Quit Your Job, Incompetence Is Your Friend
If you've ever held down a job, you've probably been stunned by the
incompetence of those around you, including and especially that of
management. There is a reason that Dilbert is so popular, and it's not
because it depicts some alternate reality where cruel and shallow
people are promoted to preside over the terminally inept. No, that's
reality. Real reality. As in, not a joke.I can't believe they never mentioned this in school, where we were lead to believe that as an adult, we'd have to actually know what we were doing in order to achieve success.
(None of this applies to you or me of course, we care(d) about your job and do(did) it well. It's those other idiots bringing us down.)
But it is why I now work alone.
Every day I spent in an office made me marvel at the fact that the world as we know it hadn't crumbled into oblivion about five seconds after our ancestors crawled out of the primordial ooze and appointed a project manager.
In an office, communication between any more than two
people (and even two people was pushing it) quickly deteriorated into a
game of Chinese Whispers so obscure we may have just as well been
speaking in Chinese. And we're not Chinese. Even the Chinese guy, if you can imagine that.
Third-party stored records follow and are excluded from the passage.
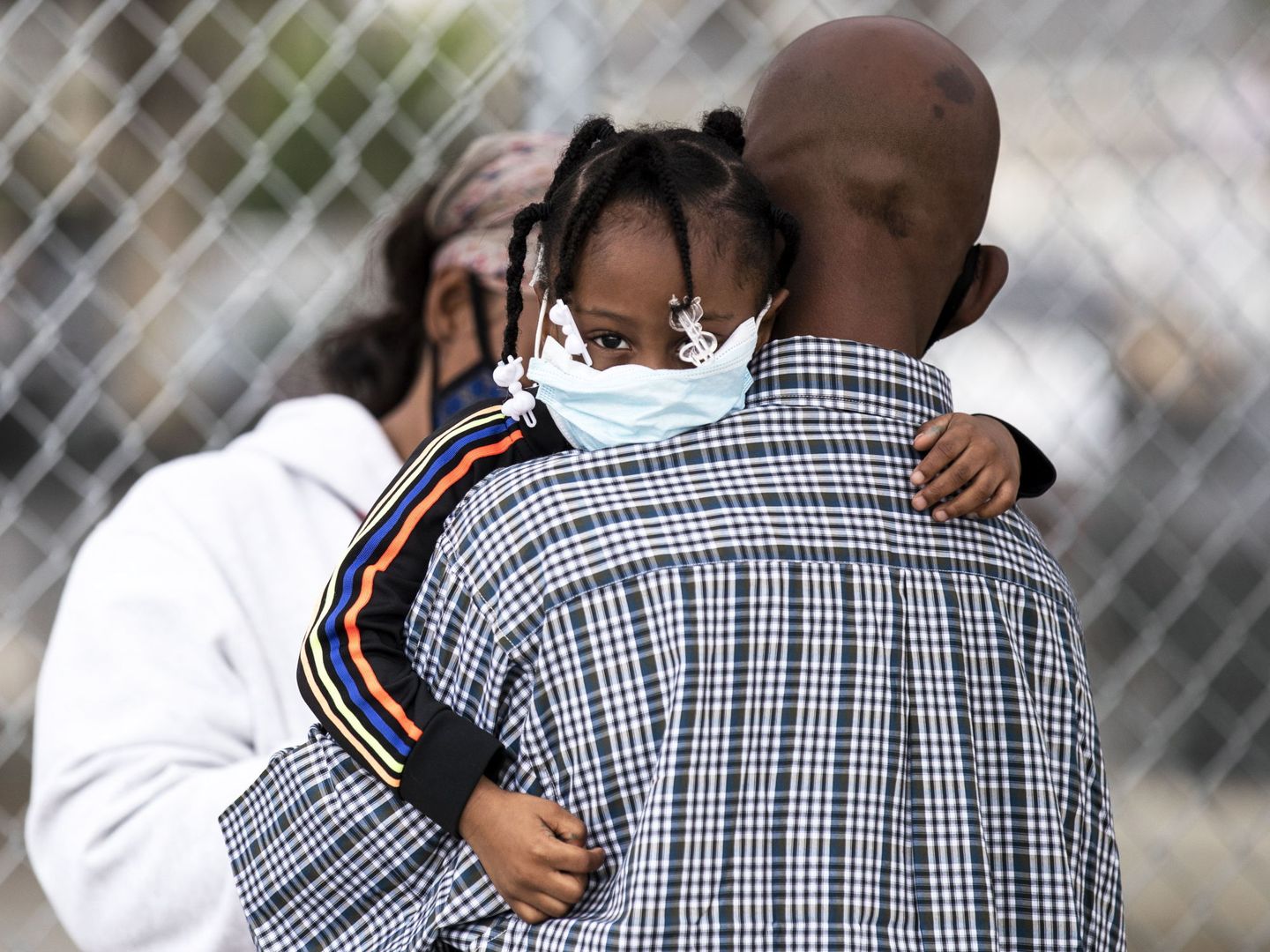 Una niña en brazos de su padre en Los Ángeles. (EFE)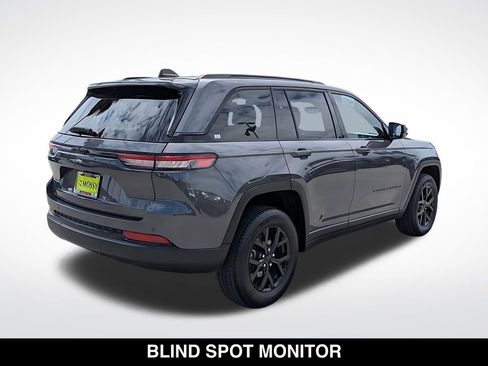 Used 2024 Jeep Grand Cherokee Altitude RWD image 7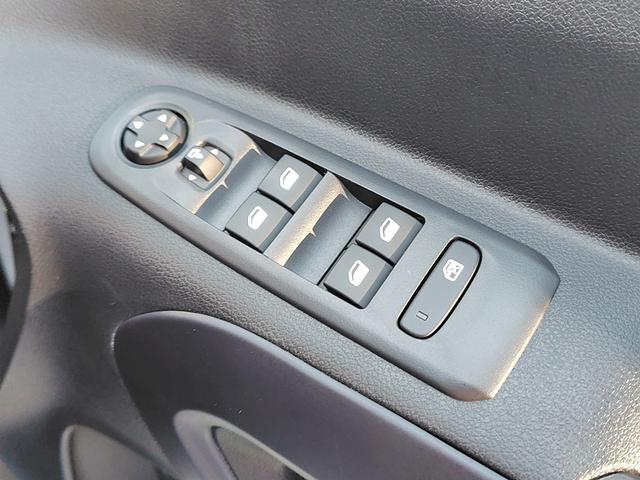 ドブロ マキシ　ドライブレコーダー　ＥＴＣ　バックカメラ　クリアランスソナー　オートクルーズコントロール　レーンアシスト　衝突被害軽減システム　両側スライドドア　ヘッドライトウォッシャー　スマートキー（9枚目）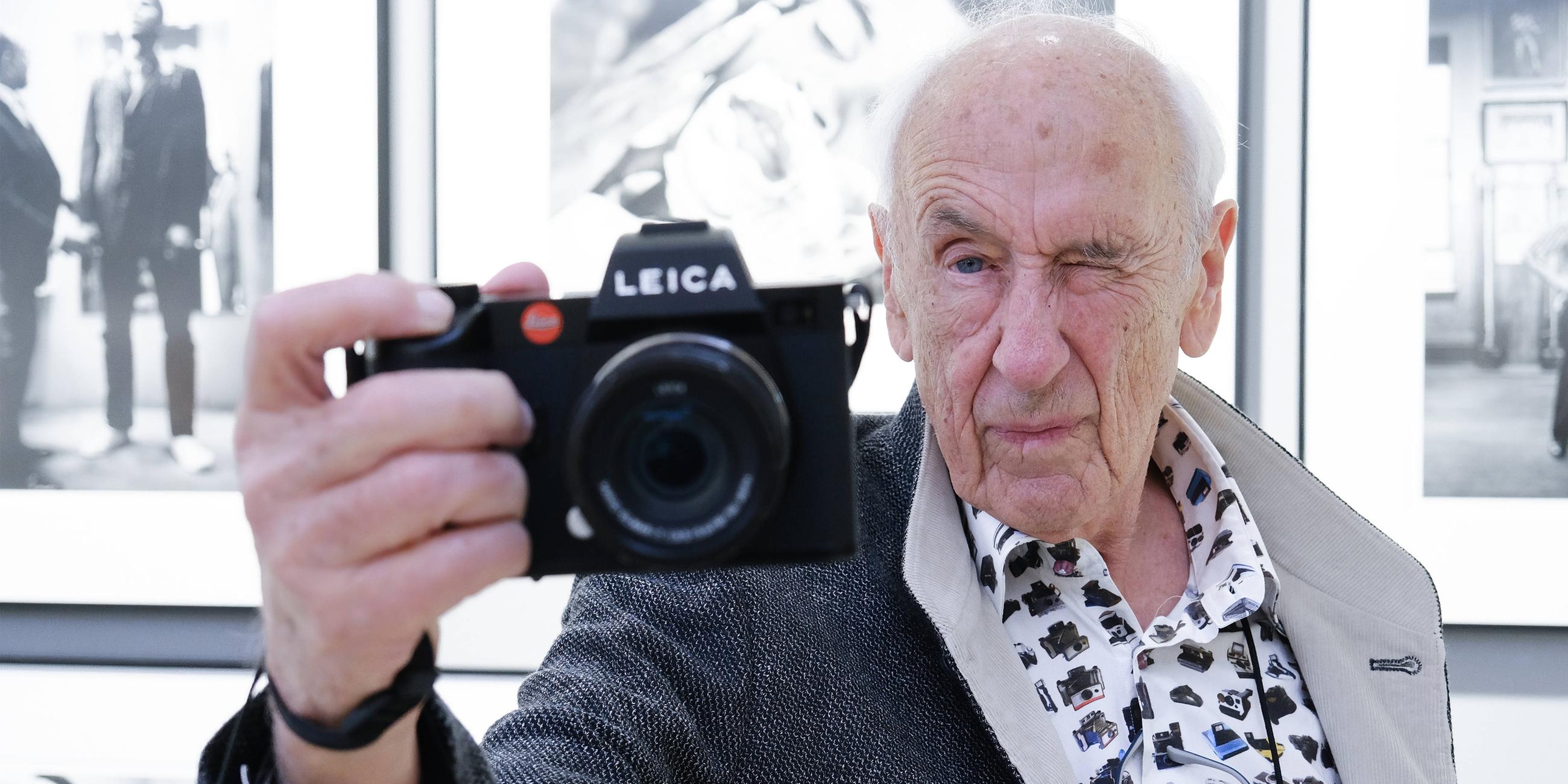 Düsseldorf 06.11.2021 Magnum Fotojournalist Bildjournalist Fotograf Thomas Hoepker ( Höpker )besuchte seine Foto-Austellung Wanderlust in der Leica Galerie Königsallee Düsseldorf Nordrhein-Westfalen Deutschland 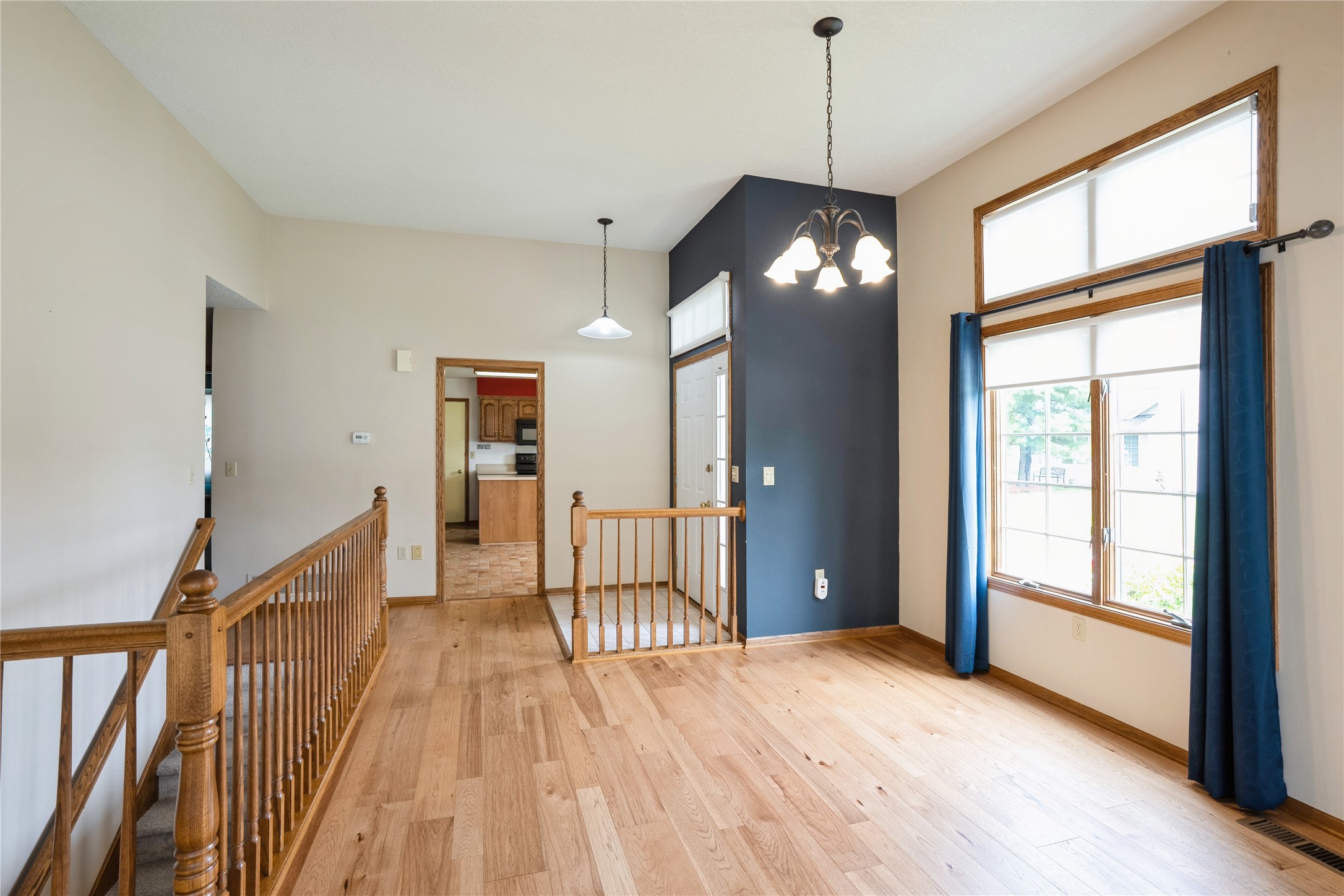 6018 Terrace Drive, Johnston, Iowa image 7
Management would assign insane tasks and then become incensed when a 'can do' attitude wasn't enough to fix the mess the'd gotten themselves into. The mess you warned them about when the project began, the mess they dismissed whilst nodding and smiling.
Yet
somehow, these companies thrived. Which leads me to believe that
incompetence must be the friend and constant companion of the company.
Like a parasite, incompetence attaches itself to any large business
organization and feeds off it by degrees, not destroying it completely, but slowing it down considerably. Decisions that should be a matter of common sense become a matter of politics. Messages are delayed by inbox malfunctions, sick days off work and people who never really cared anyway. Deliverables become possibilities, features are dropped, clients are fobbed off and then convinced of the fact they got a good deal in spite of the fact all they really got was a 30 page report.
So how is incompetence your friend? Well, as a lone agent, you have a head start. You may not have a big brand or a penthouse office, but you do know who your clients are, what they want and who everyone's name in your place of work is (even if it is only you and Tiddles the cat), which is a considerable advantage over your corporate competition, who stand a good chance of knowing none of those things.
Are you crazy to quit your job in this economy? Some might say yes. Others might say that what the current economic crisis has demonstrated is that those dependent on a company for a paycheck aren't as safe as they once were. The myth of the safety of a 9 to 5 has been debunked once more, and a brave new world awaits those prepared to go it alone.